Europe is on track to increase its battery-making capacity by 20 times in the next seven years, hitting 90 gigawatt-hours of manufacturing output per year by 2025.
The figures, from Wood Mackenzie Power & Renewables, show Europe gaining ground on Asia, which today accounts for 65 percent of global battery cell manufacturing.
“Several European and Asian battery vendors are now expanding in Europe by building manufacturing bases in the region,” said Wood Mackenzie energy storage analyst Mitalee Gupta.
Leading the charge is Northvolt, the Swedish startup founded by former Tesla execs.
Last month the company announced it would be building a new manufacturing center in Gdansk, Poland to assemble modules based on cells from an already-announced facility in Skellefteå, Sweden.
The module-making factory in Poland will employ 100 people and will have an initial capacity of 10,000 modules a year. It is due to come online in 2019, a year ahead of production at Northvolt’s Swedish cell-making facility.
“Their Swedish plant, currently under development, is expected to reach 32 gigawatt-hours of manufacturing capacity by 2023,” Gupta noted.
The Polish facility, meanwhile, will help “meet the increased demand for complete battery solutions on the European market,” said Northvolt in a press release.
It will be operated as a partnership between Northvolt and South Bay Solutions, a company specializing in manufacturing battery modules.
Earlier last month, Northvolt said it would be joining forces with auto giant BMW Group and recycling technology specialist Umicore to establish a closed life-cycle loop for batteries, feeding materials from end-of-life products back into the manufacturing process.
The consortium will also seek to use renewable energy to power manufacturing, Northvolt said.
Also last month, the chemicals behemoth BASF unveiled plans for an automotive battery manufacturing plant in Harjavalta, western Finland, where the company is already producing materials for the energy storage supply chain.
The plant will be built next to a nickel and cobalt refinery owned by Norilsk Nickel, BASF said, and is part of a €400 million ($456 million) investment plan.
Production from the battery plant is planned to start in late 2020, with capacity to supply batteries for approximately 300,000 EVs per year, BASF said.
Like Northvolt, BASF is planning to power the Harjavalta plant with locally generated renewable energy sources, including hydro, wind and biomass.
Other recent battery manufacturing announcements in Europe include BMZ Group’s €120 million ($141 million) investment in an expansion of production facilities at its headquarters in Karlstein am Main, Germany, which should lead to the creation of 300 new jobs next year.
And the Chinese lithium-ion battery maker Farasis Energy is also eyeing Europe after raising more than $1 billion in finance in September. The company, which already has two factories in China, could be looking to set up in Germany by around 2021, according to press reports.
Another major Chinese manufacturer, BYD, is also planning cell production in Europe, Reuters reported in June.

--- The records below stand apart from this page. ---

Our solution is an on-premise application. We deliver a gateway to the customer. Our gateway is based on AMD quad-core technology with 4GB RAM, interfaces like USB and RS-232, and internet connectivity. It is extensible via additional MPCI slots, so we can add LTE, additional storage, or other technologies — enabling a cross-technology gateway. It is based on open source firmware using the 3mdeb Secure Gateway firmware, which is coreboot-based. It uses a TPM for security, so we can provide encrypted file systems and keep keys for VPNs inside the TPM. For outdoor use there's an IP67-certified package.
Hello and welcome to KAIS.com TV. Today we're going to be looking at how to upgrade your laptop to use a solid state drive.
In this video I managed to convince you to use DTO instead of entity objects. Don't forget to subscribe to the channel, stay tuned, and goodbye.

This would be on top of European manufacturing beachheads being established by Contemporary Amperex Technology, LG Chem, Samsung SDI, SK Innovation, GSR Capital, GS Yuasa and Lishen. The scale of many of these companies’ plans is significant.
South Korea’s LG Chem plans to produce 100,000 EV batteries per year at a Polish factory due to be completed this year, according to Reuters said. Samsung SDI, meanwhile, aims to open a factory near Budapest this year, which will produce batteries for 50,000 electric vehicles a year.

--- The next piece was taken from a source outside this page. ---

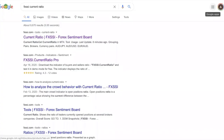Hey guys, welcome to another video. In today's video I'm going to talk about a sneaky little indicator on how you can identify — or rather how you can profit from — traders who are losing money.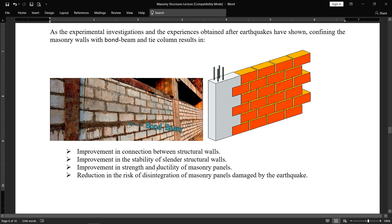Improvement in strength and ductility of masonry panels. During earthquakes, this has been seen that there is much strength and ductility of masonry walls. Reduction in the risk of disintegration of masonry panels damaged by the earthquake. So there is a reduction in the risk when we construct our elements like this.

A third South Korean company, SK Innovation, was reported to have broken ground in March on a battery plant in Hungary that will be able to produce 7.5 gigawatt-hours of batteries a year from 2020.
In a setback for European battery manufacturing, however, last month it emerged that a major consortium called TerraE, involving around 20 companies and research institutions, had failed to get off the ground.
The group had been planning to invest €4 billion in ($4.6 billion) in a plant with a production capacity of 34 gigawatt-hours a year, due to open in 2028.